Terrorist attacks are not just another headline in the news, it is the shattering of people’s lives cut short, and it is the panic and chaos that rip through an area in their wake. Fear ripples through and takes up residence in the psyche of the people who live through it. For two weeks terrorists have targeted a series of brutal attacks in Israeli cities, and again just last night in a popular nightlife spot in Tel Aviv that claimed the lives of two young men.
Anxiety has overpowered people’s mindsets. Everyone walks down the street with caution, suspicion, alertness, and looks automatically for a place to escape if another terrorist motivated by Islamic fundamentalism strikes again. Every ambulance howl evokes thoughts of despair and concern.
As Israelis, there is no need to pretend like nothing is happening and act as if everything is normal. We all need to take care of ourselves and take care of each other and be vigilant. We also need to open our eyes to what is happening on a more internal level, and open our hearts to what Israel’s sages wrote: “The prime defense against calamity is love and unity. When there are love, unity, and friendship between each other in Israel, no calamity can come over them” (Maor vaShemesh – Light and Sun). Likewise, The Book of Consciousness writes, “We are commanded at each generation to strengthen the unity among us so our enemies do not rule over us.”
All of Israel is an amalgamation in which everyone is connected to each other, but we do not see it and certainly do not feel it. But the spiritual connection is direct: the connection of our hearts radiates favorably to the whole of society. Therefore, along with the phenomenon of terrorists who need to be uprooted, we must act with all our might to unite and be guarantors of each other.

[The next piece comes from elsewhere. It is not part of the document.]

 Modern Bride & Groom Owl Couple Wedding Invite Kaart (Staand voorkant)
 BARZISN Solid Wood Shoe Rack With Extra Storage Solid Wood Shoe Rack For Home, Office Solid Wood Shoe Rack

Only if we can support each other wholeheartedly can we gain a sense of security on our streets. But as long as we prefer to live in our own bubble, caring only about our personal well-being, then this cold snowball of indifference forms between us, it rolls down a slope picking up more layers of coldness and alienation, and wraps each in an icy shroud that keeps us apart, until the next disaster forces us to briefly ward off peril.
Our Torah is all about love. It includes the greatest rule, “love your neighbor as yourself.” We must apply it in moments of peace, not just in times of terrorist attacks, but always because, like our ancient wisdom tells us, awakening to the love between us will awaken a supreme power, and it is He who will protect us from all evil.